新ステージを目指すマツダのデザイナーが語る「クルマのデザインに必要なもの」とは?
公開日:2018/7/16
筆者は2年ほど前、マツダの特別試乗会に応募参加し、人気車種の新型ロードスターを1日運転させてもらったことがある。春先のよく晴れた日、幌を全開し、首都高から東北自動車道を経由して那須塩原へ。最高の車で白樺の並木を走り抜ける爽快感や、アクセルを踏むたびにゾクゾクと込み上げてくる歓びは、誇張なしに今でも忘れられない。
そのロードスターは2016年、世界で最も優れた車に贈られるワールド・カー・オブ・ザ・イヤーと、同賞のデザイン部門のダブル受賞という史上初の栄光に輝いた。同車を含むマツダの新ラインナップの根底にある「魂動デザイン」というコンセプトは、海外でも“KODO”と呼ばれ地位を確立しつつある。
本稿では、魂の宿った生命感をカタチにするという「魂動(KODO)デザイン」を生み出した同社デザイン部門のトップ、前田育男氏の著書『デザインが日本を変える 日本人の美意識を取り戻す』(光文社)を取り上げたい。
■デザイナーがつくるのは「カタチ」だけではない
マツダという会社は、巨大な自動車産業の中では“一地方の小さな自動車会社”という位置付けにあたるのだという。2009年に経営危機に陥り、米フォード社の傘下から外れた同社。フォード社側から派遣された前デザイン部門トップが退任し、久しぶりの日本人トップに就いたのが著者である。
就任当初は周囲やチームの理解が得られず、心理的にどん底まで叩き落とされたという著者。理想として掲げるコンセプトを、デザインチームの各員に理解してもらい、カタチに落とし込んでいくためには「人に何かを伝えるための、明確な“言葉”も重要だ」という結論にたどり着く。
「体現化する一言があることでカタチは一層明確な像を結び、相手に伝わりやすくなる。つまり大事なのは、カタチと言葉――まるで車の両輪のように2つが並び揃ってこそ初めて相手を動かす力が生まれるのだと私は固く信じている」(本書45~46頁)
「私はデザインにおいてフォルム自体が一番重要だと思っている。デザインである以上、何はなくとも視覚勝負だ。しかし視覚を補完するための言葉というのも無視できない存在だ」(47~48頁)

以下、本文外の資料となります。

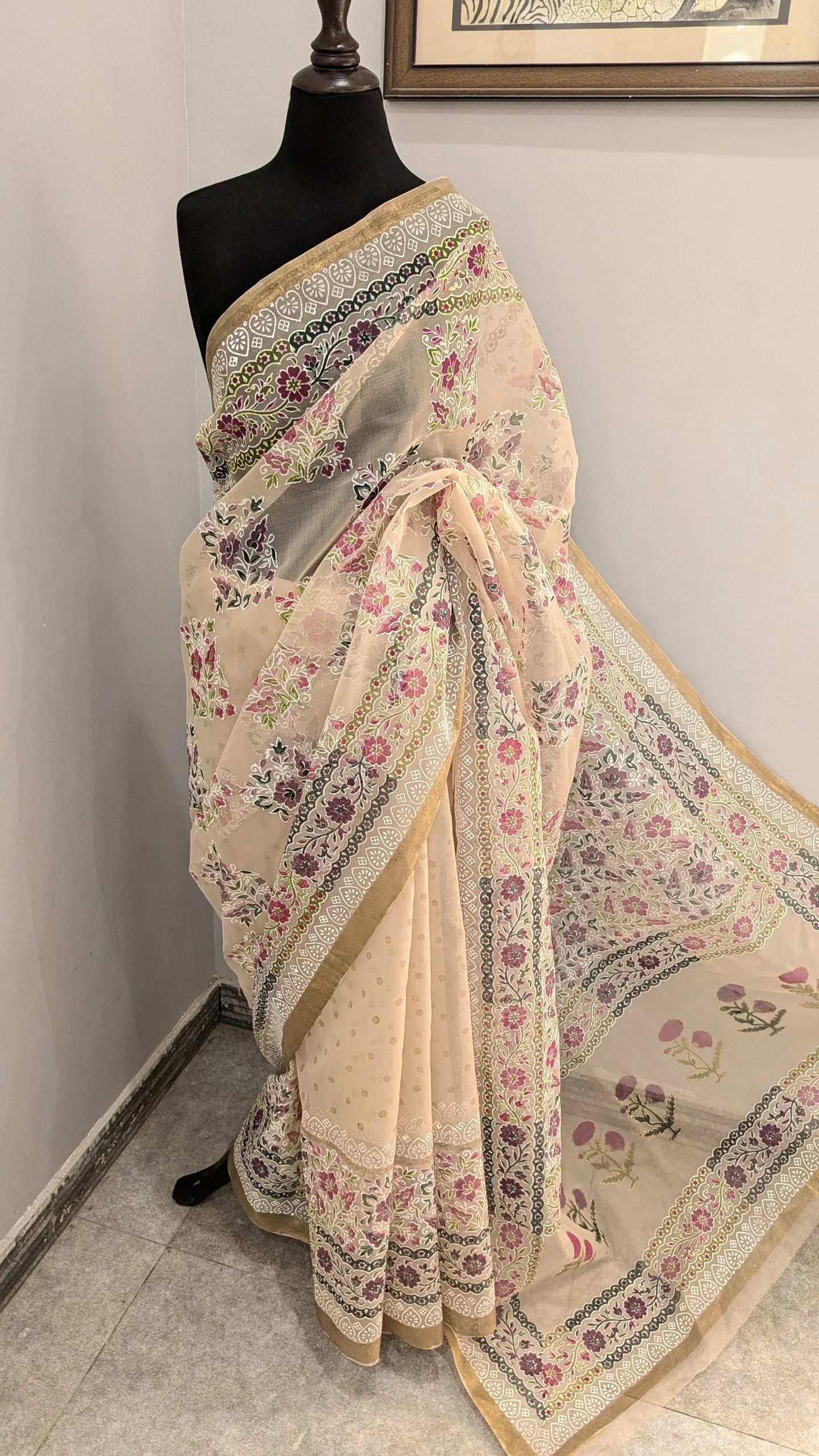 Fiza - Organza Hand Block Printed Saree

■プロならではのものづくりを目指す。市場調査を思い切って廃止
以前マツダは多くのメーカーと同様、新しい車をデザインする前に、一般ユーザーを集めていくつかのプロトタイプを見せ、「この部分が嫌い」「こんなふうに変わったら買いたくなる」といった意見をヒアリングして商品に反映させる「市場調査」を行っていたが、著者はこれを思い切って廃止したという。
「数年後に発売されるモデルに何が求められるのか、はたして一般のユーザーにわかるのだろうか。そもそもユーザーの言う通りにデザインや中身を変更するということは、メーカー側の意志やポリシーはゼロということにならないか。そんな受動的な姿勢でいる限り、マツダ独自のブランド価値はいつまで経っても確立できないと思っていた」(本書75~76頁)
ユーザーの立場で読んでいた私もこの観点には思わず膝を打った。「意見を聞いて反映してくれる」というのは、顧客は「大切にされている」と感じるかもしれないが、メーカーとしては“守りの姿勢”なのかもしれない。プロフェッショナル視点で新しい価値を創造し、クルマをもっとおもしろく進化させていくためには、市場調査の廃止などといった大胆な攻めの姿勢も必要なのではないかと気づかされる。著者のチームやマツダというメーカーは、ユーザーが自ずと共感したくなるような新しいデザイン、さらにはブランド価値を創り上げてきた。
このほかにも本書には、著者が語る「魂動」デザインの裏事情や、デザイナーとして提案する言葉論、また、組織論やものづくり論など、デザイナーやメーカーで働くことに興味を持っている人のみならず、すべての「働く人」が好奇心を持って吸収したくなるような情報が詰まっている。
また、日常生活に欠かせないクルマが完成するまでの背後にある世界を知る書籍としても大変読み応えがある。便利な生活ツールにとどまらず、私たちの日常にワクワクをもたらしてくれるクルマというものの素晴らしさも再認識できるのだ。